▶ Exercise
Only the lines from the one containing "Leather Strap for" through the last line of the material should be copied, exactly as written and without pictures.
* * *
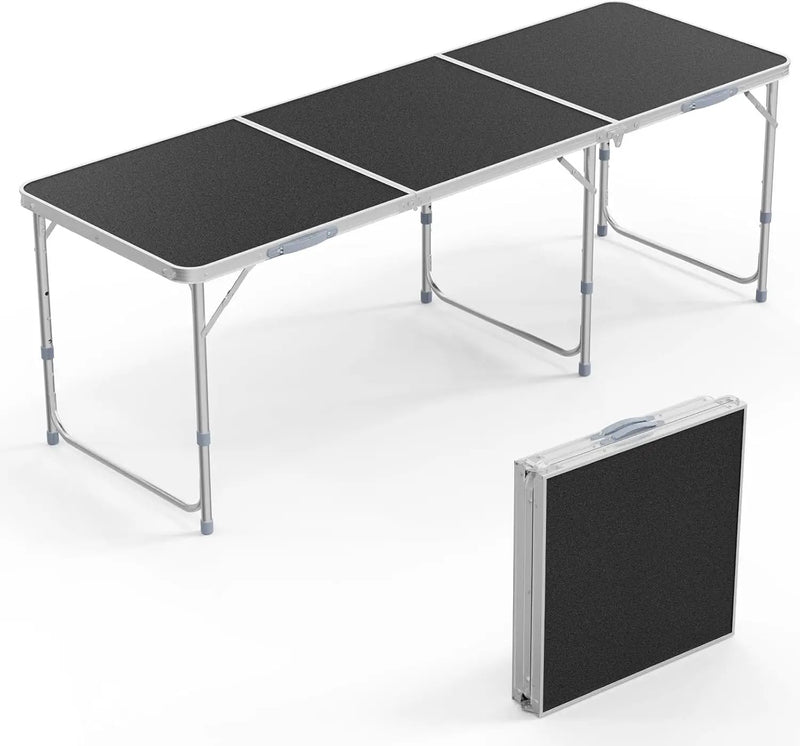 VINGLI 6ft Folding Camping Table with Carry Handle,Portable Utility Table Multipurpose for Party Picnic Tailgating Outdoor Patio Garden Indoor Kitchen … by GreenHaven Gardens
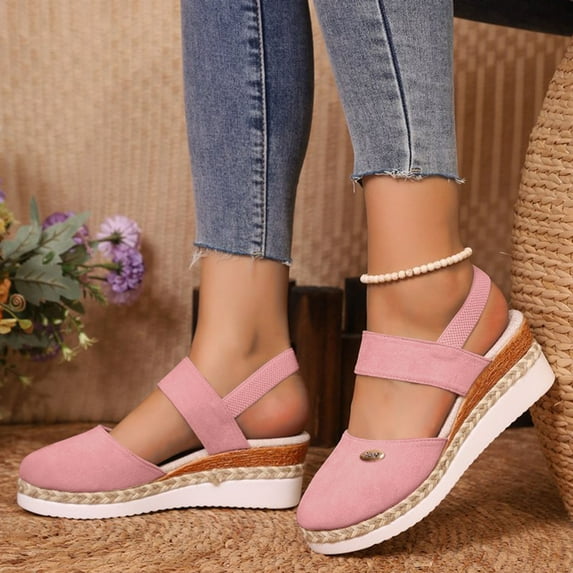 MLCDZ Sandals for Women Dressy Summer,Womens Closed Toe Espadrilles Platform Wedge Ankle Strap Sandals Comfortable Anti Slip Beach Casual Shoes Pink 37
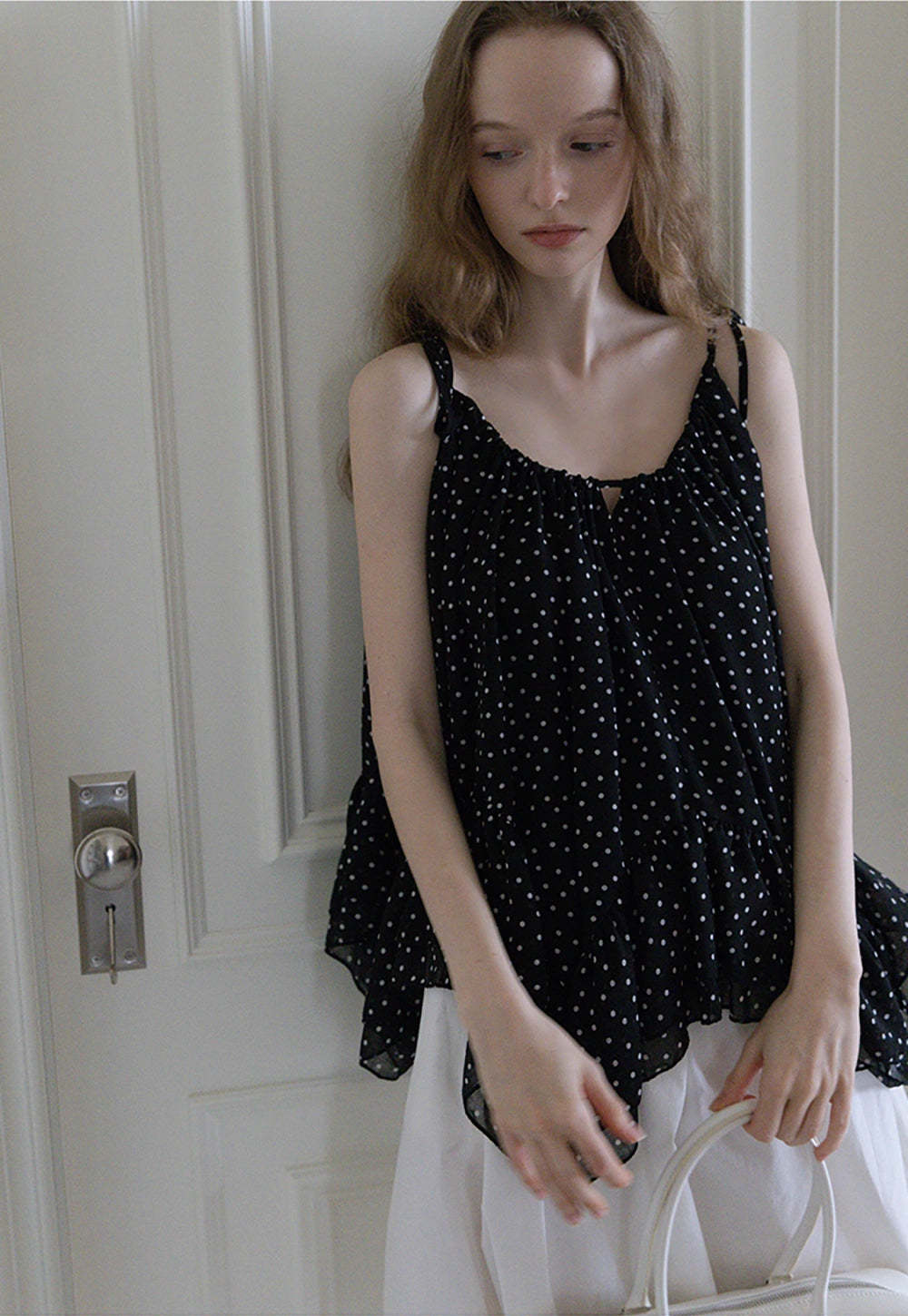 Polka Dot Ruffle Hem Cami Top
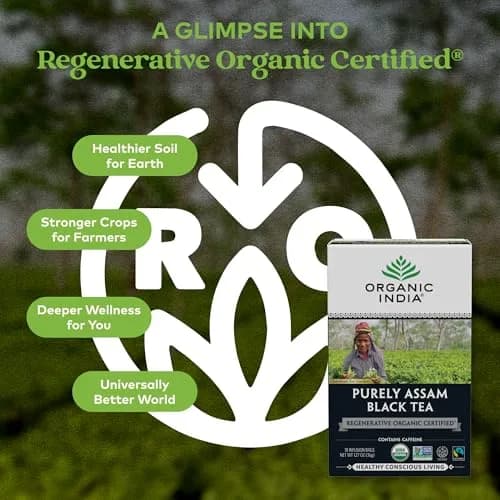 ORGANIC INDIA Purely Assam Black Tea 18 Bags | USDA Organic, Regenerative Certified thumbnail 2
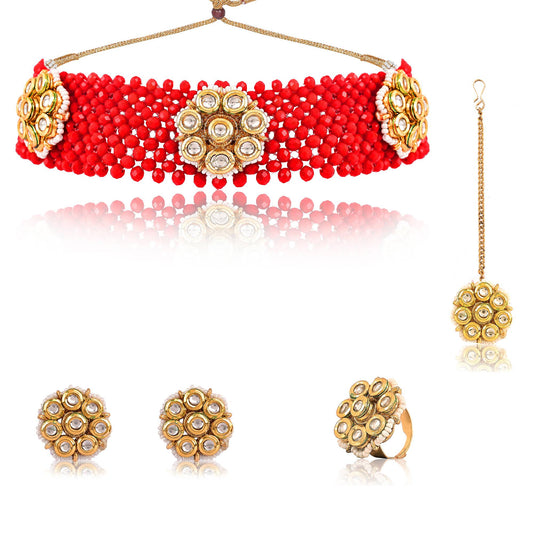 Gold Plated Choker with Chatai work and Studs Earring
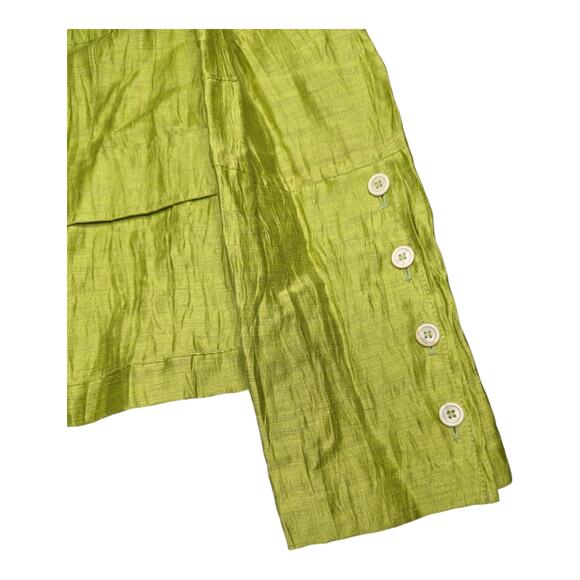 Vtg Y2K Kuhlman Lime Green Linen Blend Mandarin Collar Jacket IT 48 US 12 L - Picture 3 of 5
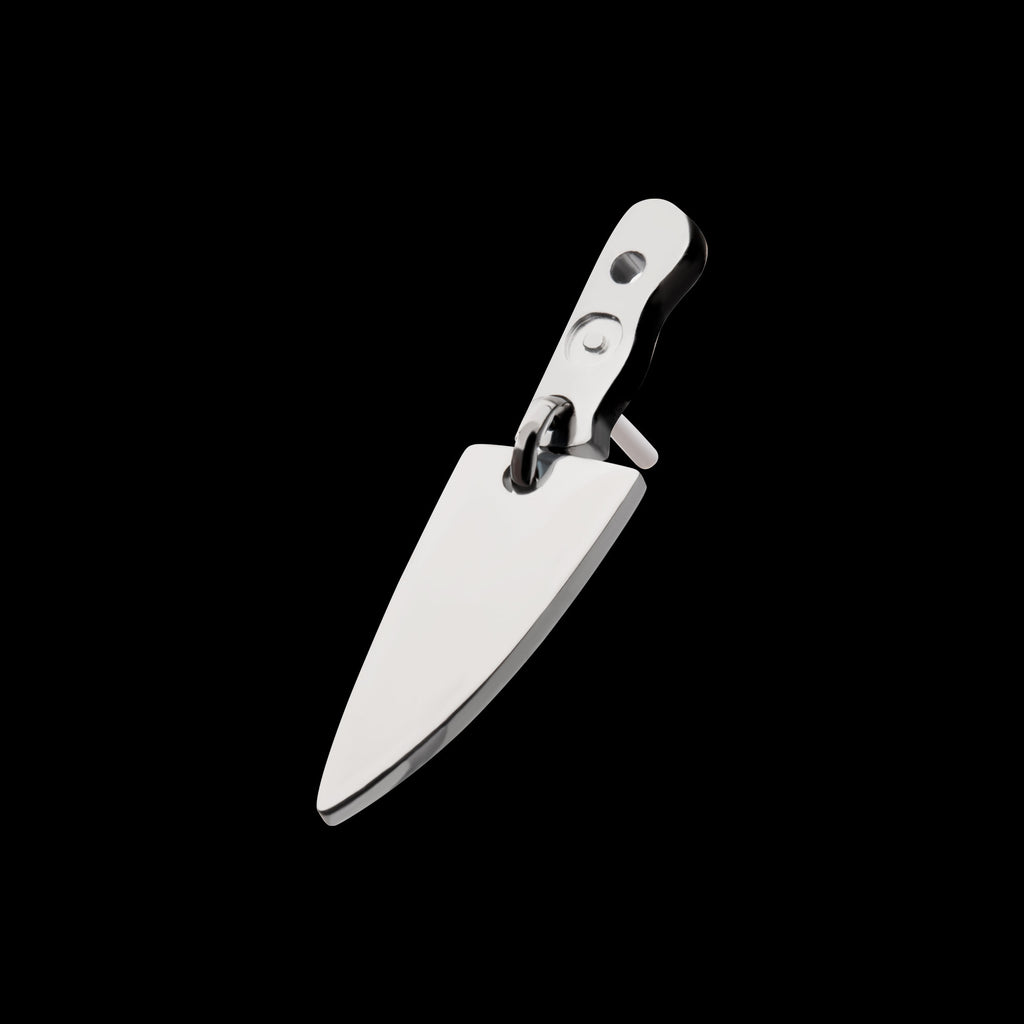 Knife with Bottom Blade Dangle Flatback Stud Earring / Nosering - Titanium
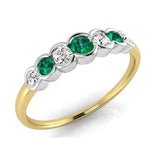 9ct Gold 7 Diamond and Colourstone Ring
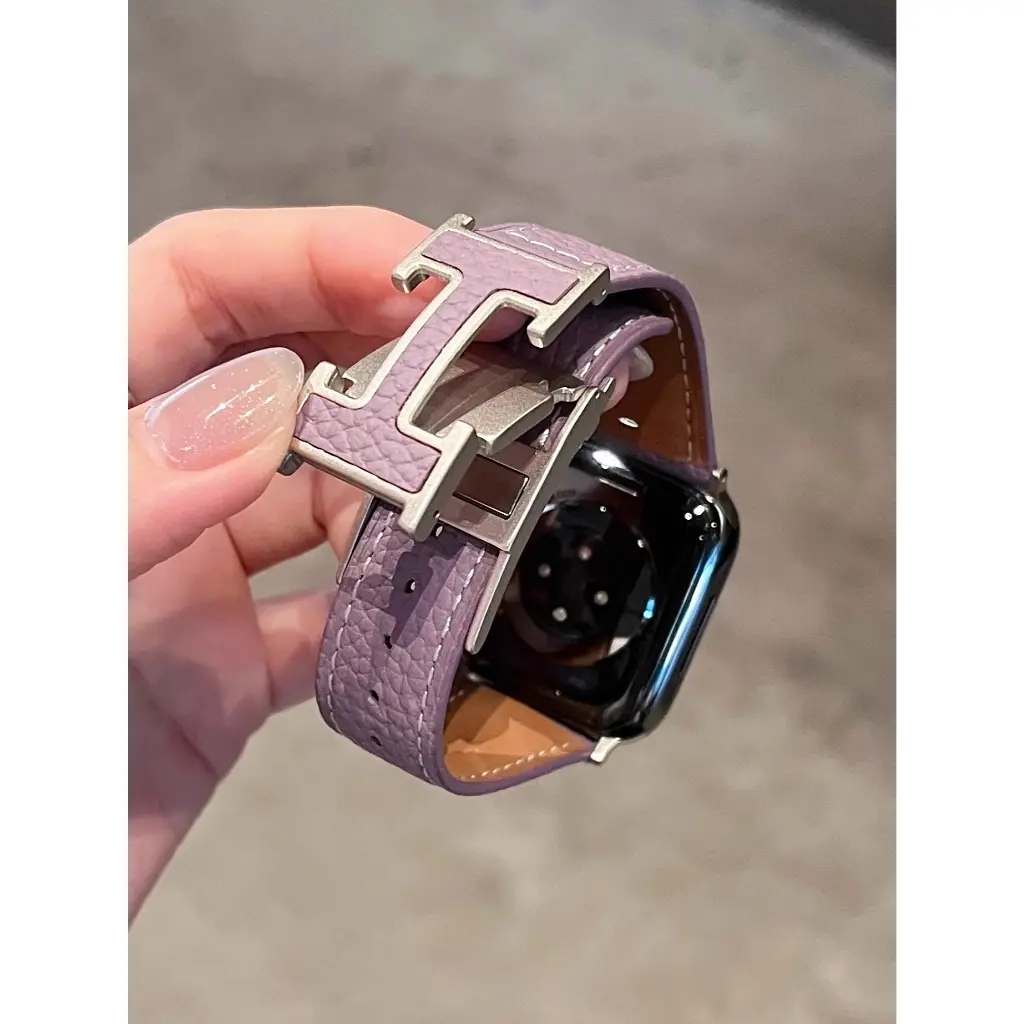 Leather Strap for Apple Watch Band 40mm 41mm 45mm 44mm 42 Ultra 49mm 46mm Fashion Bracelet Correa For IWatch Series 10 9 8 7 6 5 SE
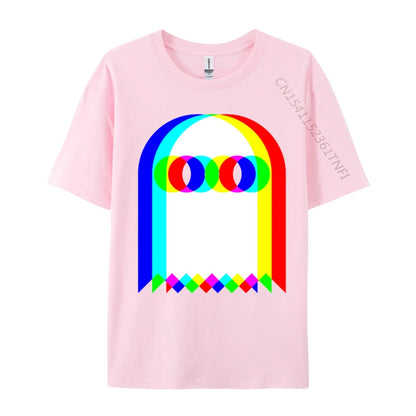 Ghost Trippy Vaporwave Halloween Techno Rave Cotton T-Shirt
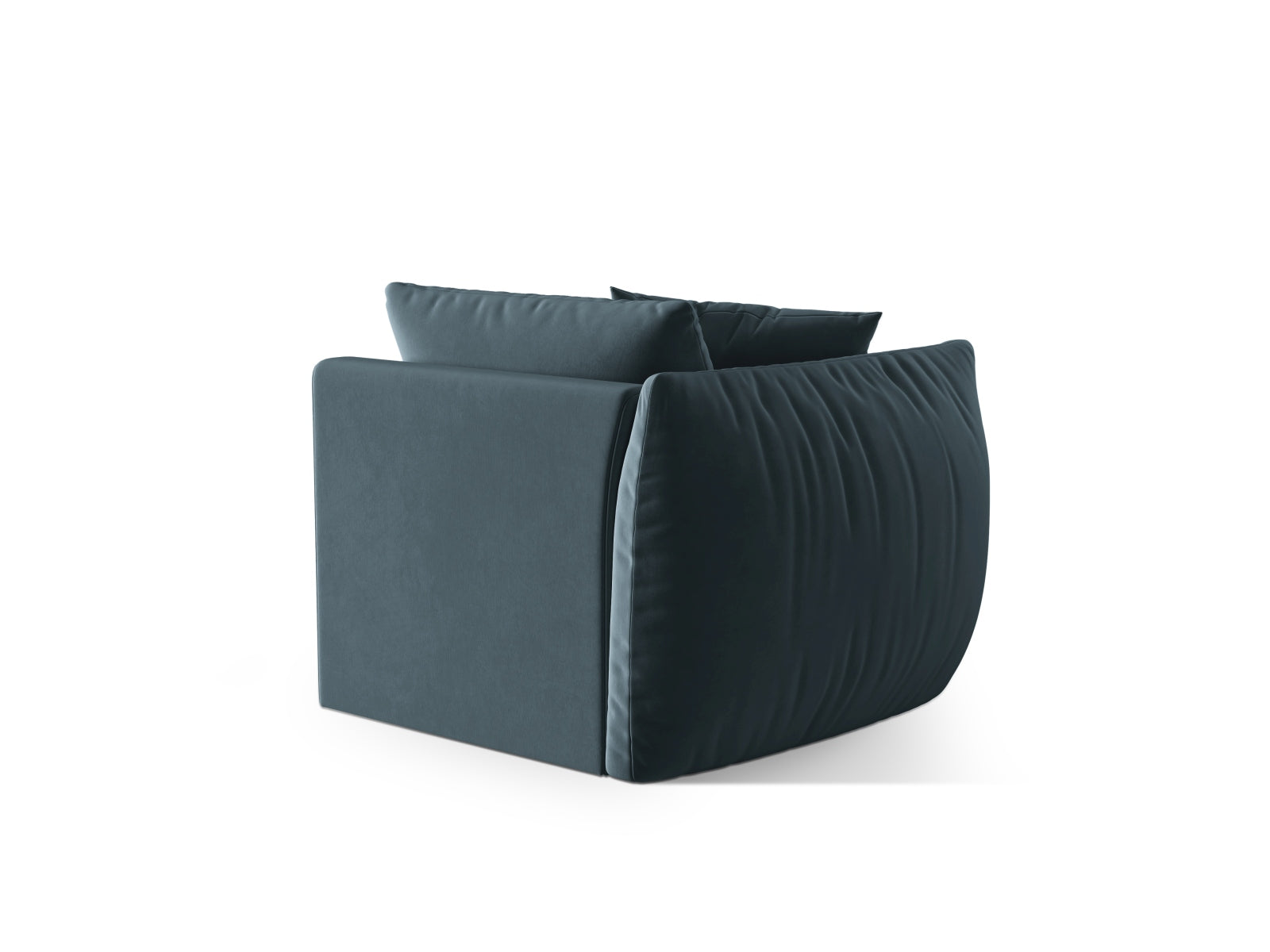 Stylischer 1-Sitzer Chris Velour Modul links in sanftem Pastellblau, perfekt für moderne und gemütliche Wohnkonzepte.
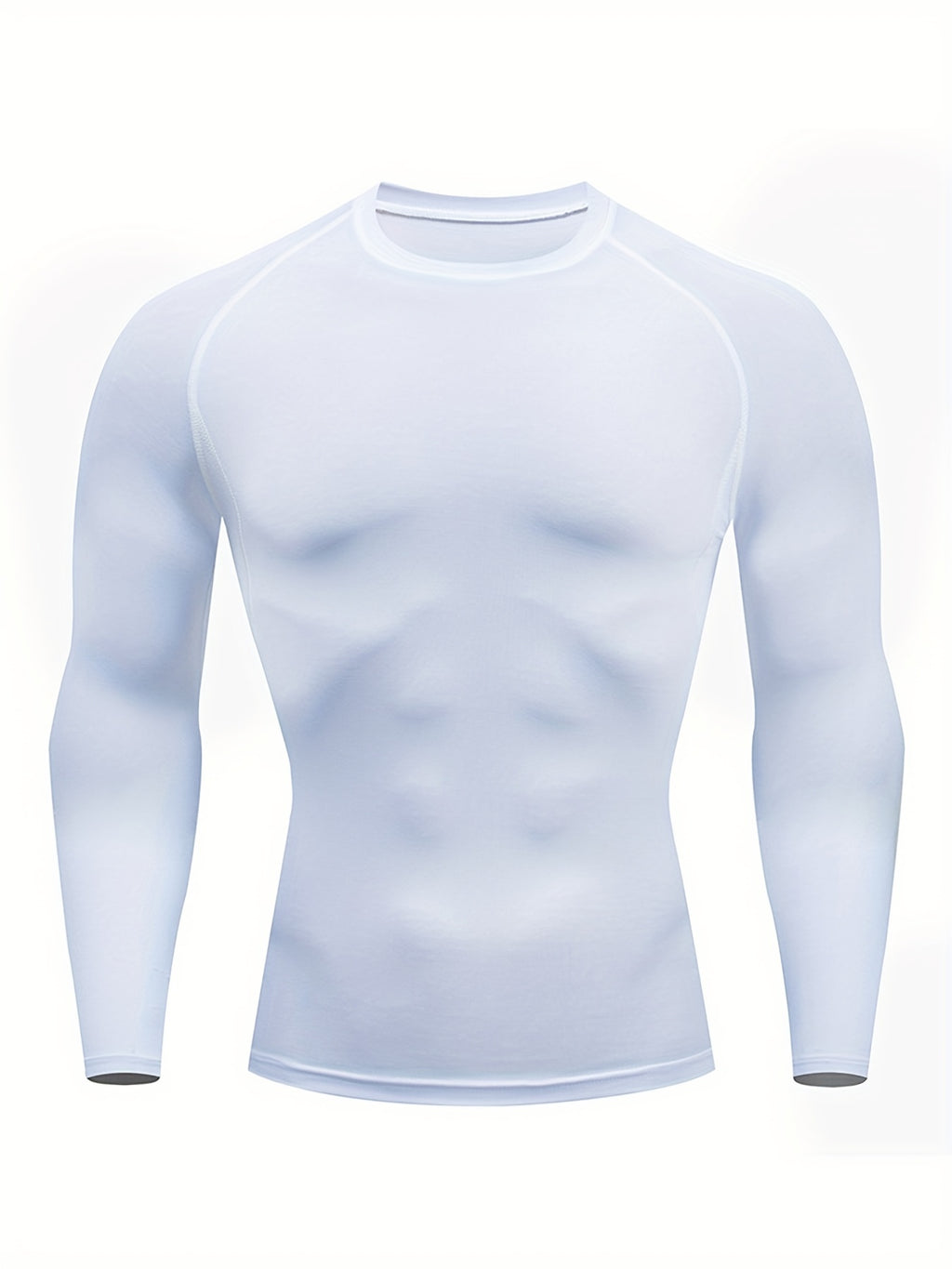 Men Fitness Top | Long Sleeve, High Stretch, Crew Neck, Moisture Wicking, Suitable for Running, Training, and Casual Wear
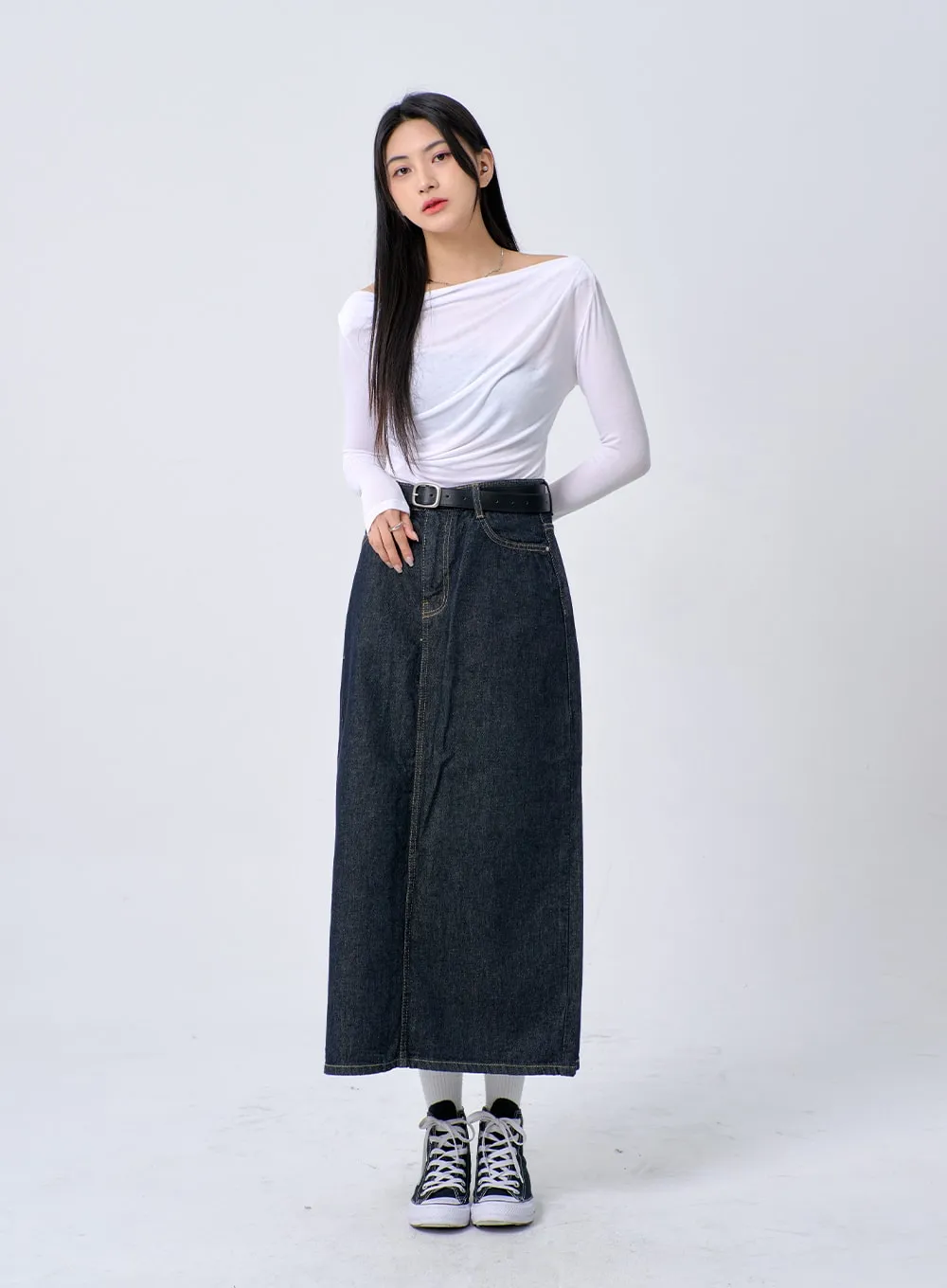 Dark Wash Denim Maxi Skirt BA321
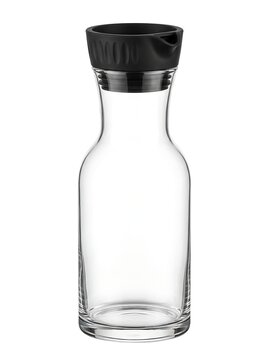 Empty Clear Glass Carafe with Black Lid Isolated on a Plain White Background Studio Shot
* * *
▶ Response to the exercise
 Leather Strap for Apple Watch Band 40mm 41mm 45mm 44mm 42 Ultra 49mm 46mm Fashion Bracelet Correa For IWatch Series 10 9 8 7 6 5 SE
 Ghost Trippy Vaporwave Halloween Techno Rave Cotton T-Shirt
 Stylischer 1-Sitzer Chris Velour Modul links in sanftem Pastellblau, perfekt für moderne und gemütliche Wohnkonzepte.
 Men Fitness Top | Long Sleeve, High Stretch, Crew Neck, Moisture Wicking, Suitable for Running, Training, and Casual Wear
 Dark Wash Denim Maxi Skirt BA321
 Empty Clear Glass Carafe with Black Lid Isolated on a Plain White Background Studio Shot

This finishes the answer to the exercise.